Barely two years after fighting Yugoslavia to defend ethnic Albanians in Kosovo, the West faces being sucked into conflict once more - but this time lining up with Belgrade in trying to prevent ethnic Albanian nationalism running amok.
On Wednesday, American, Polish, Ukrainian and Lithuanian peacekeepers took control of Mijak, a town in Kosovo adjoining the flashpoint Macedonian village of Tanusevci that had been occupied by gunmen presumed to be ethnic Albanians.

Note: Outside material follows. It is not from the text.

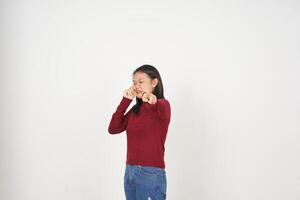 giovane asiatico donna nel rosso maglietta triste pianto e puntamento a telecamera isolato su bianca sfondo foto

The peacekeepers shot and wounded two rebels.
Macedonia, which has so far kept out of a decade of ethnic blood-letting in former Yugoslavia but now fears its own Slav-Albanian ethnic mix will ignite, said it was pleased the NATO-led KFOR was doing more to stop the infiltration.
But Macedonian Foreign Minister Srgam Kerim asked the U.N. Security Council to support the deployment of KFOR peacekeepers specifically to close Kosovo's border to ethnic Albanian guerrillas infiltrating into Macedonia.
Diplomats say the main problem is preventing ethnic Albanian guerrillas operating freely across the unmarked mountain borders between Kosovo, Macedonia and southern Serbia.
NATO's 19 permanent ambassadors met in Brussels to discuss more radical measures without Secretary-General George Robertson, who was in Washington for talks with the Bush administration on ending the unrest.
More pressure came from a landmine attack in which three Yugoslav soldiers died north of Presevo in southern Serbia, just outside a buffer zone which runs around Kosovo's boundary with the rest of Yugoslavia and touches the Macedonian border.
For the past year, ethnic Albanian guerrillas have based themselves in the zone, from which most Yugoslav forces were banned after being pushed out of Kosovo by NATO bombing.
Robertson said at the United Nations on Tuesday that NATO was considering allowing Yugoslavia - for a decade the bugbear of the Balkans until President Slobodan Milosevic was ousted by reformers last year - to send soldiers back into the zone.
By Wednesday night there was no news of agreement among the NATO ambassadors in Brussels. Diplomats said Washington was wary of hasty action, but other allies were pressing.
TALKS WITH BELGRADE
NATO has been engaged in talks with Serbian authorities for weeks on how to engineer a peaceful end to the separatists' armed occupation of ethnic Albanian villages and roads in the Presevo Valley region of southern Serbia - and in the meantime the unrest has spilled over into adjoining Macedonia.
Diplomatic sources say Washington does not want to let Yugoslav forces back into the "ground safety zone" all at once but is ready to cede them one piece to see how they behave. Other allies agreed it might be wise to retain this leverage.
The zone was created to keep the Yugoslav Army at a safe distance as NATO peacekeepers deployed in Kosovo - in the name of ethnic Albanian rights - after the bombing campaign of 1999.
Kole Berisha, vice president of the Democratic League of Kosovo party, said that to let Yugoslav soldiers into the zone would be a "provocation, making possible an open conflict that would include the entire region".
Yugoslav Prime Minister Zoran Zizic, in New York for talks with Secretary-General Kofi Annan and the Security Council on Kosovo, urged the province's ethnic Albanian community to start immediate talks with his reformist government.
Without a dialogue between Belgrade and Pristina, and a parallel dialogue between Belgrade and the U.N. Mission in Kosovo, he said there was "no basis for building a multi-ethnic, multi-cultural and multi-religious society in Kosovo".